Data for this exercise START

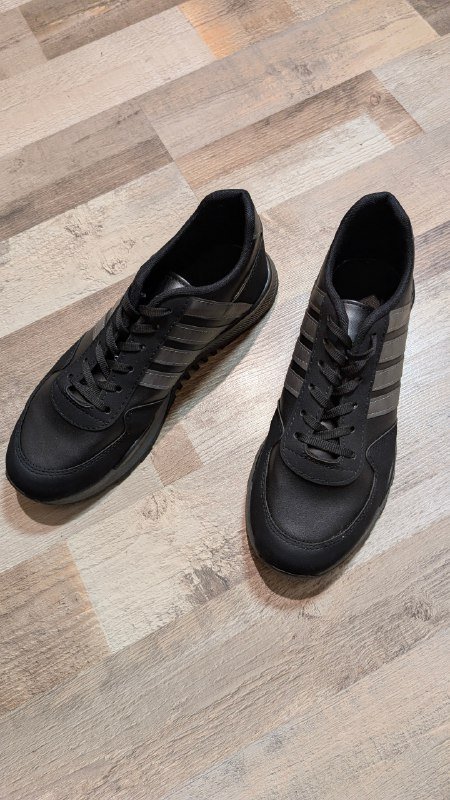 Кроссовки мужские 42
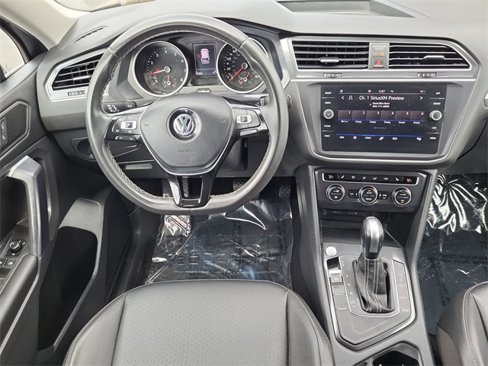 Used 2021 Volkswagen Tiguan SE image 22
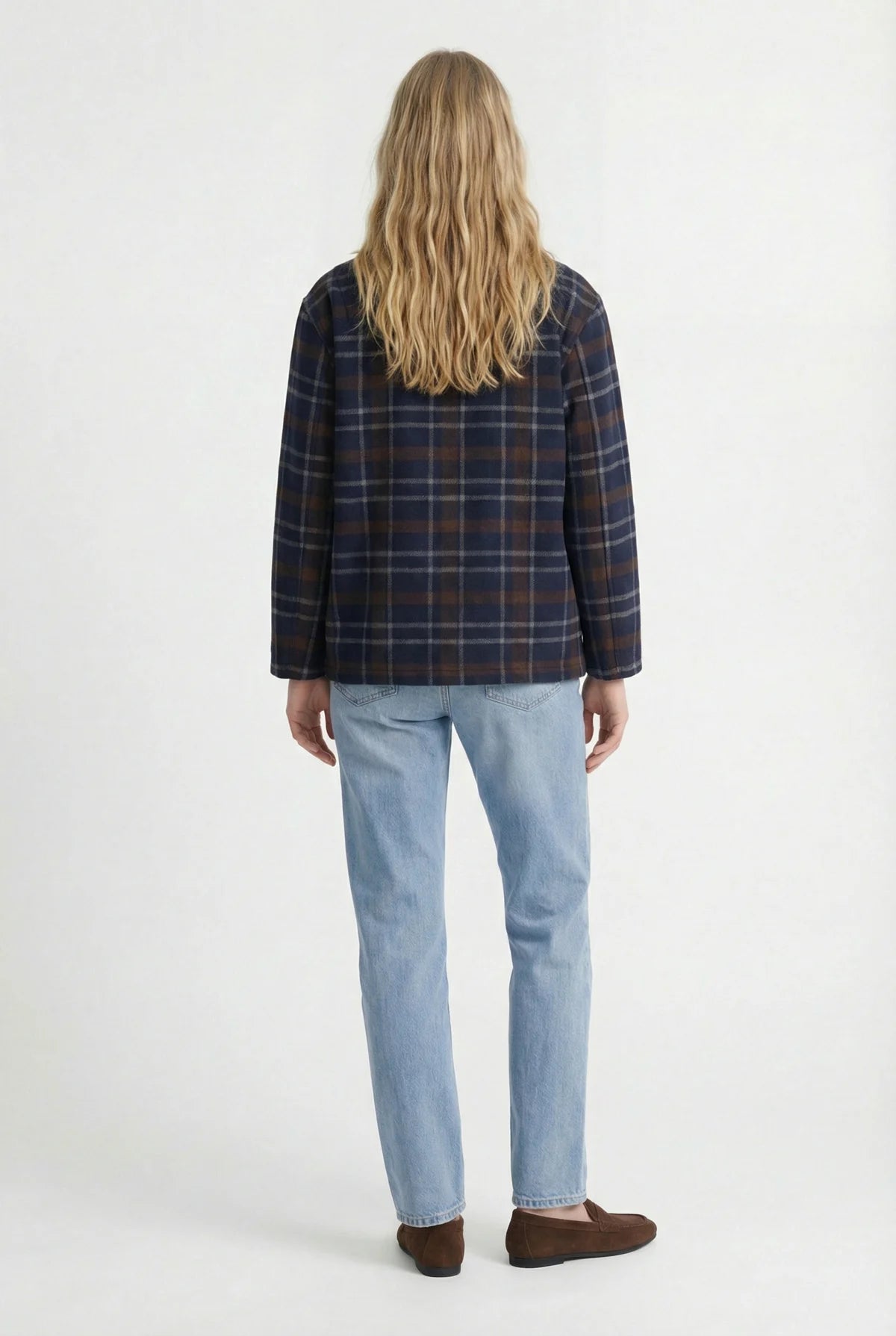 چاکەتی کراسی پلاید بۆ خانمان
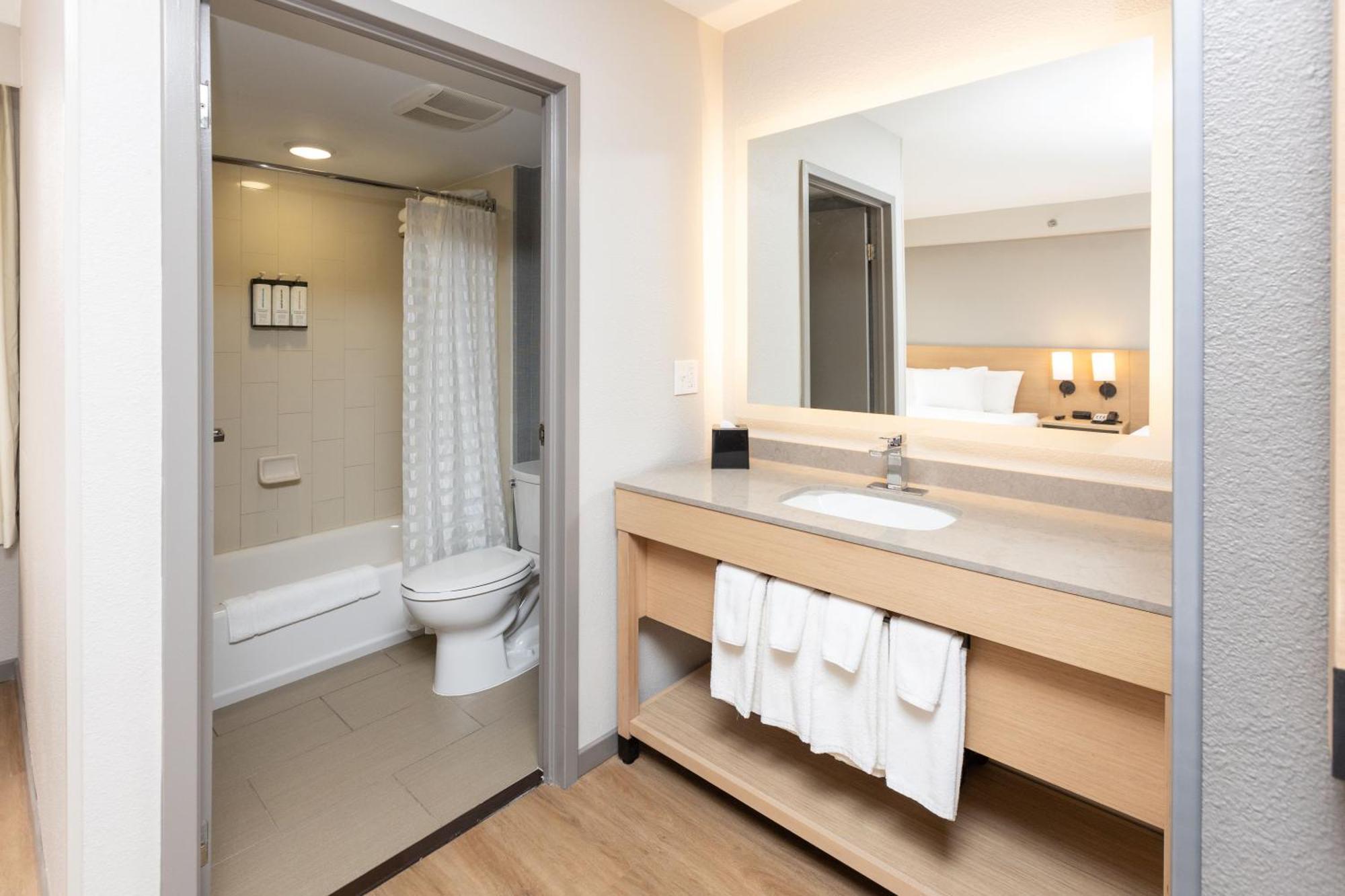 Hotel Hyatt Place Airport / Valley View Mall 3*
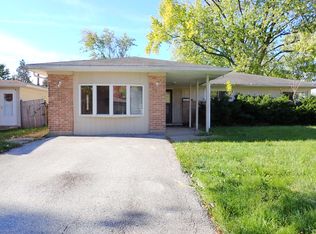 365 Waverly St, Park Forest, IL 60466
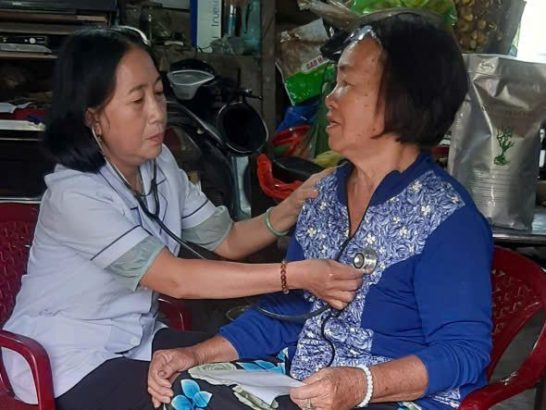 TIẾP TỤC DUY TRÌ MÔ HÌNH “CHĂM SÓC SỨC KHỎE TẠI NHÀ CHO PHỤ NỮ KHÓ KHĂN, BỊ BỆNH NAN Y”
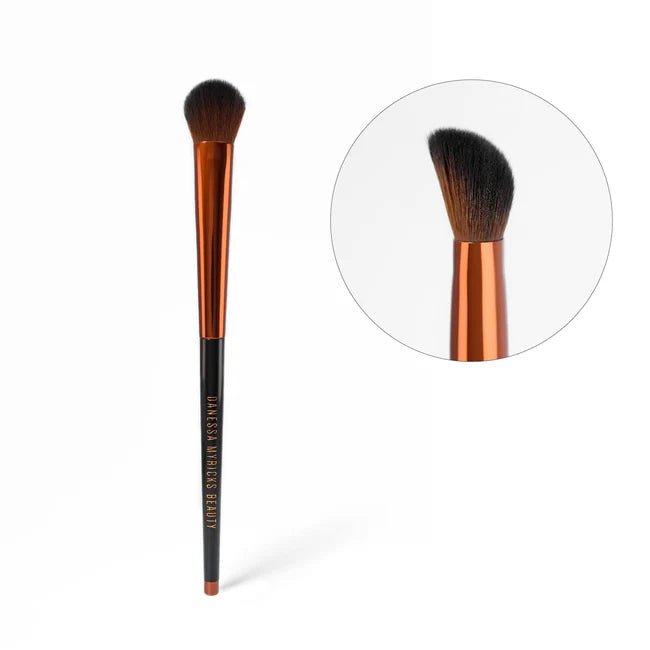 Danessa Myricks Yummy Face 3.0 Conceal & Sculpt Brush - Tigerzzz - Shop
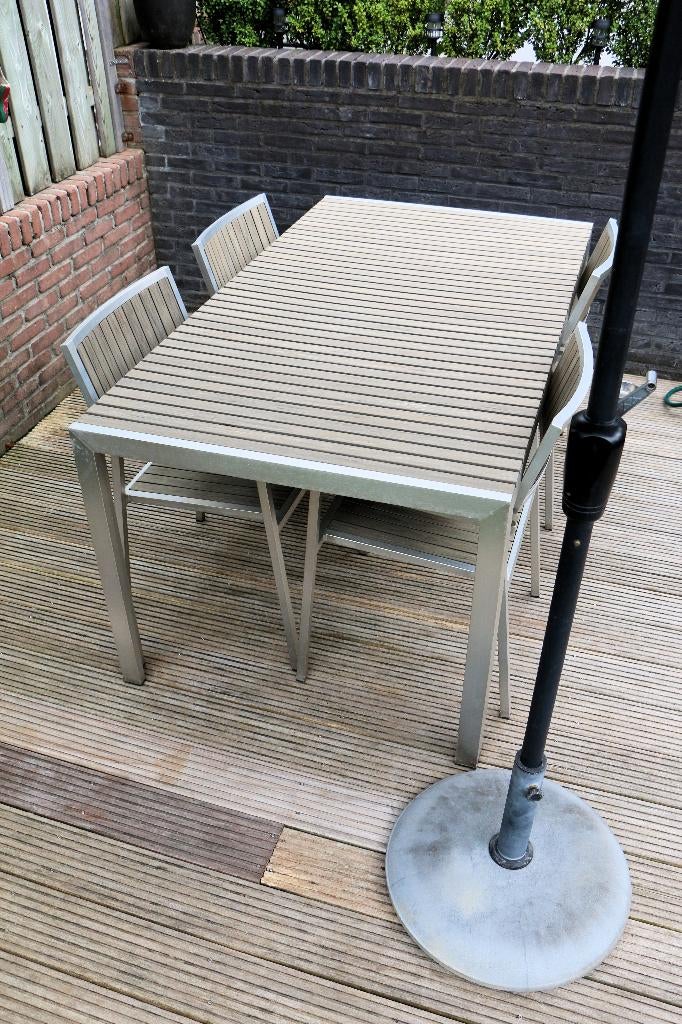 Tuintafel en 4 Stoelen, Aluminium - Kunststof, Tuin en Terras, Tuintafels, Ophalen, Zo goed als nieuw, Rechthoekig, Aluminium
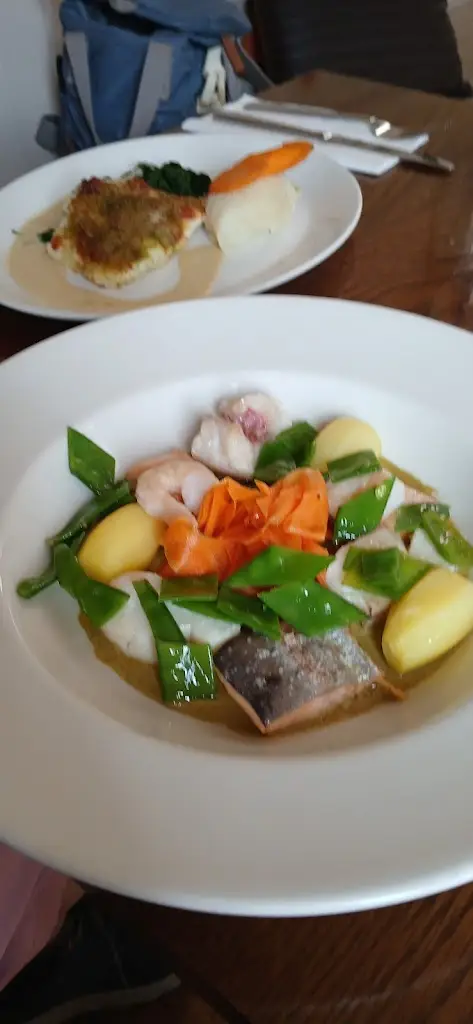 Martin Hillson_Lanes of Lymington_Lymington_review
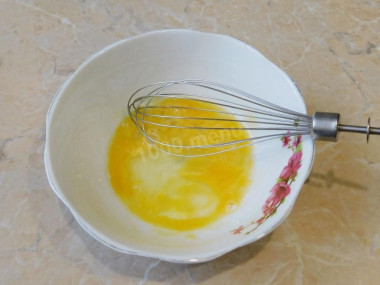 Гренки из батона на сковороде с яйцом и молоком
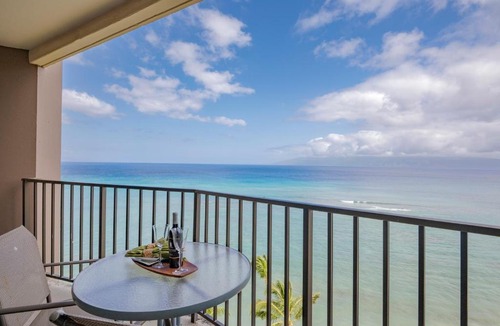 Kahana Apartment | Valley Isle Resort 1204
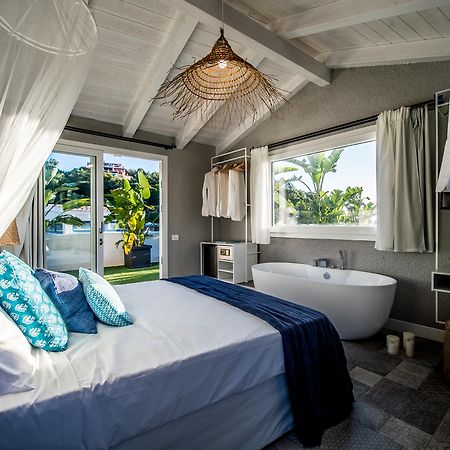 Boutique Hotel Capo Blu Santa Margherita di Pula Bagian luar foto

Data for this exercise END

**Required action:** Write the records out in full, word for word; leave every picture behind.

**Solved problem:**
 Кроссовки мужские 42
 Used 2021 Volkswagen Tiguan SE image 22
 چاکەتی کراسی پلاید بۆ خانمان
 Hotel Hyatt Place Airport / Valley View Mall 3*
 365 Waverly St, Park Forest, IL 60466
 TIẾP TỤC DUY TRÌ MÔ HÌNH “CHĂM SÓC SỨC KHỎE TẠI NHÀ CHO PHỤ NỮ KHÓ KHĂN, BỊ BỆNH NAN Y”
 Danessa Myricks Yummy Face 3.0 Conceal & Sculpt Brush - Tigerzzz - Shop
 Tuintafel en 4 Stoelen, Aluminium - Kunststof, Tuin en Terras, Tuintafels, Ophalen, Zo goed als nieuw, Rechthoekig, Aluminium
 Martin Hillson_Lanes of Lymington_Lymington_review
 Гренки из батона на сковороде с яйцом и молоком
 Kahana Apartment | Valley Isle Resort 1204
 Boutique Hotel Capo Blu Santa Margherita di Pula Bagian luar foto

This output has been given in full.